In his Toronto debut at Koerner Hall, French pianist Cédric Tiberghien proved that the greatest storytellers do not shout, but speak softly.

There are few pianists in the world who can play as softly yet clearly as he did in a program that mixed French and Austrian repertoire for the Toronto Summer Music Festival.

The anchor pieces were Piano Sonatas by Alban Berg and Franz Schubert (the great C minor, D958).

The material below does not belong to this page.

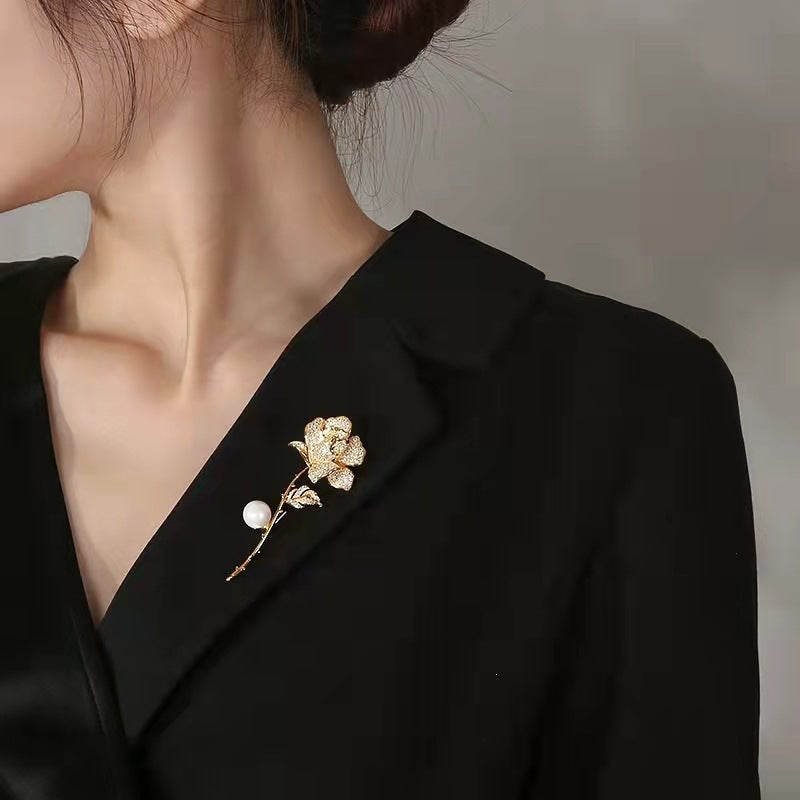 Elegante Brosche In Blumenform mit Strass und Perle Brehn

But the works that enthralled so much that there was dead silence while Tiberghien played were by French impressionist Claude Debussy.

Somehow the French pieces, all abstract exercises in tone painting, could accommodate the full, spectacular breadth of this 38-year-old artist’s prodigious technique as well as his poetic soul.

It is truly rare to find a pianist who can juggle three even four separate lines of music at the same time, giving each a slightly different emphasis and colour.

It made the four pieces by Debussy (two from the official program, two as encores) shimmer, glow and undulate with uncommon sensuousness.

But this approach also did wonders for the music of Schubert, written three-quarters of a century earlier. There is hardly ever a moment in this composer’s output where there isn’t a voice singing somewhere in the score — and Tiberghien obliged, being both exemplary singer and sensitive accompanist rolled into one dazzling set of 10 fingers.

He even did this for the Berg Sonata, a prickly early 20th century work usually dispatched with more gusto than finesse by pianists brave enough to tackle it. We heard the piece interpreted with the same sensitivity as a set of six Moments Musicaux by Schubert — and the music loved the pianist back.

Rounding out his artist’s palette of wonders, Tiberghien also made time speed up or stand still, depending on the effect he was looking for.